But now I’m 52 and the kids are grown and so, yeah, it could maybe work. The last two books I wrote were on par with a PhD dissertation; I doubt I’d struggle with that part. And perhaps I could go to a fancy school and be all snooty saying I got my PhD from Harvard. I’m not sure Harvard would consider me their kind of guy, though. My frequent use of “motherfucker” might make them balk.
Now the idea is no longer impossible. Perhaps five years from now my wife might be ready for a new adventure in a new place and I could split my time afterward between teaching and writing sweary history books. Probably not, but it’s no longer and impossibility.
Because I always admired the designation. I wanted to be Dr. James Fell, history professor, and I have no plans to either die or retire soon . . .

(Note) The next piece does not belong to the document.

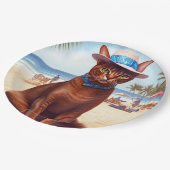 アビシニアン猫オンビーチ、夏のプレゼント猫好き ペーパープレート (アングル)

I was flunking out of school when I met my wife. She was a straight A student, and I hadn’t figured my thing out yet. Then I took a military history class with an awesome professor who was so entertaining and I said oh so this is my thing. I took as many history courses as I was allowed, including pleading my way into a graduate level one when I wasn’t even a graduate student, and sucked up to the right people and got into a master’s program that had 19 spots for 300 applicants. Only nine finished the program. Okay that was all pretty braggy I guess I’m trying to assure you I’m not some Wall Street Journal only got a BA and calls women with doctorates “kiddo” brainless troglodyte kind of history writer. Thanks for the money.
The thing I liked the most was telling the stories, and I think that’s why I did well. Sure the learning part was cool, but what drove my passion was taking what I’d learned and then turning around and transforming myriad bits of information into a compelling tale, just like that first history prof of mine did. In my thesis defense the first one on my committee to speak said, “I really enjoyed reading this.” It took the months of stress to that point and lowered it a notch.
Yes, I got drunk off my ass immediately afterward.
Last April 17 I was on a bike ride pondering my next book and not at all excited about any of the ideas I had, and that’s when the shit went down column popped into my head and I began it the next day. I haven’t written about fitness or behavior change since. It was one of those “holy shit moments” I wrote an entire book about. I was done with that stuff; history is my future.
So if one day, I expect at least five years from now, I announce I’m doing a PhD in history, don’t be completely surprised. Then my wife and I can be Dr. and Dr. Fell. Although if you’re having a heart attack, don’t look at me.